Emsal Mahkeme Kararı İstanbul Bölge Adliye Mahkemesi 14. Hukuk Dairesi 2022/680 E. 2023/795 K. 03.05.2023 T.

Görüntülediğiniz mahkeme kararı henüz kesinleşmemiştir. Yararlı olması amacıyla eklenmiştir.

T.C.
İSTANBUL
BÖLGE ADLİYE MAHKEMESİ
14. HUKUK DAİRESİ
DOSYA NO: 2022/680
KARAR NO: 2023/795
T Ü R K M İ L L E T İ A D I N A
İ S T İ N A F K A R A R I
İNCELENEN KARARIN
MAHKEMESİ: İstanbul 7. Asliye Ticaret Mahkemesi
TARİHİ: 23/12/2021
NUMARASI: 2020/418 Esas – 2021/1073 Karar
DAVA: Şirketin Feshi
Taraflar arasındaki şirketin feshi davasının ilk derece mahkemesince yapılan yargılaması sonunda ilamda yazılı nedenlerle davanın reddine dair verilen karara karşı, davacı vekili tarafından istinaf kanun yoluna başvurulması üzerine Dairemize gönderilmiş olan dava dosyası incelendi, gereği konuşulup düşünüldü.

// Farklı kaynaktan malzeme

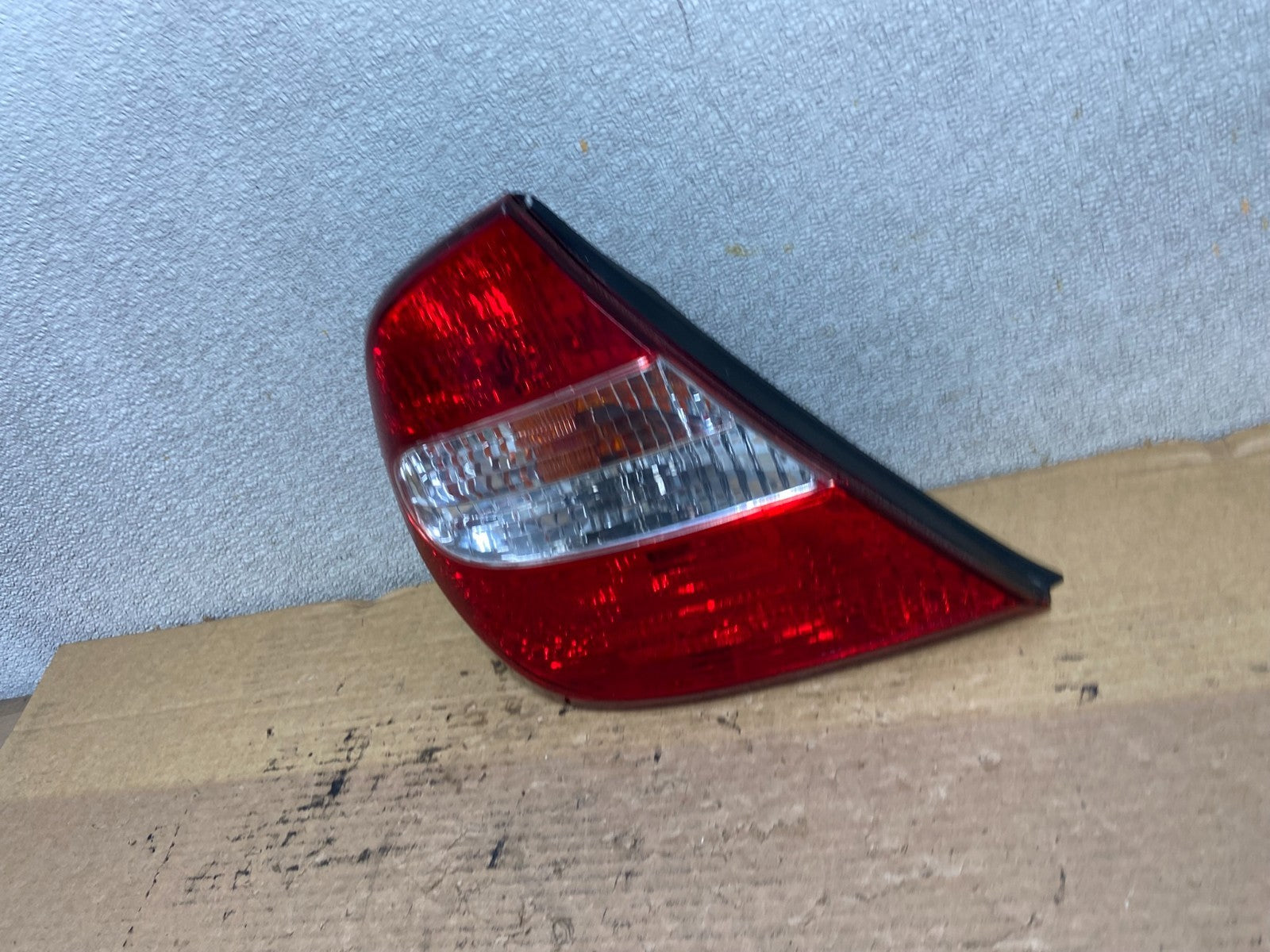 2002 2003 2004 Toyota Camry Left Driver LH Side Tail Light AB3371 LK1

TARAFLARIN İDDİA VE SAVUNMALARININ ÖZETİ Davacı vekili, dava dilekçesinde özetle; … A.Ş.’nin statüsü şirket olmasına karşın, yurtiçi ve yurtdışı kişi ve kuruluşlardan sağladığı fonlarda dahil olmak üzere mevcut mali kaynakları ile büyük ölçüde bir dernek ve/veya vakıf gibi faaliyette bulunduğunu, diğer bir ifade ile ekonomik amaçlı değil sosyal amaçlı faaliyet gösterdiği tespit edildiğini, Bu itibarla, Hazine ve Maliye Bakanlığı Mali Suçları Araştırma Kurulu Başkanlığı’nın 18.01.2018 tarihli ve 2018/MAR(71)-12; 2018/MAR. 16-01/10 sayılı Mali Analiz Raporu ile Bakanlığımızın 04.08.2020 tarihli ve 407-C/03 sayılı İnceleme Raporu çerçevesinde; 6102 sayılı Türk Ticaret Kanunun 331 inci maddesi uyarınca ekonomik amaç ve konular için kurulan ancak gelirinin büyük bir kısmını yurtiçi ve yurtdışı kurum/kuruluş ve kişiler tarafından bağış, hibe vb. Fonlarla sağlayarak dernek ve vakıflara benzer şekilde faaliyet yürüttüğü tespit edilen “… Anonim Şirketinin” feshine karar verilmesi gerektiğini, davanın kabulüne, davalı şirketin TTK 210/3 üncü maddesine istinaden feshine, yargılama giderleri ile vekalet ücretinin davalı yana yükletilmesine karar verilmesini talep etmiştir.Davalı vekili, savunmasında özetle; TK.mad.210 da düzenlenen 1 yıllık, TK.mad.353 de düzenlenen 3 aylık zamanaşımı ve hak düşürücü süreler geçirilmiş bulunduğundan zamanaşımı ve hak düşürücü süreler yönünden, yasada fesih davası açmak için aranan şartlar mevcut bulunmadığından, davanın dayanağı olan İnceleme Raporu ilgili Yönetmelik hükümlerine aykırı bulunduğundan, dava oluruna ilişkin işlem; sebep, konu, şekil, amaç ve yetki unsurları bakımından sakat ve hukuka aykırı bulunduğundan, müvekkilinin esas sözleşmesine aykırı (ultra vires) bir faaliyetinin bulunmadığından ve müvekkilinin esas sözleşmesi kanunun emredici hükümlerine aykırı bulunmadığından, davanın reddine, yargılama masraflarının ve vekâlet ücretinin davacı tarafa yükletilmesine karar verilmesini talep etmiştir.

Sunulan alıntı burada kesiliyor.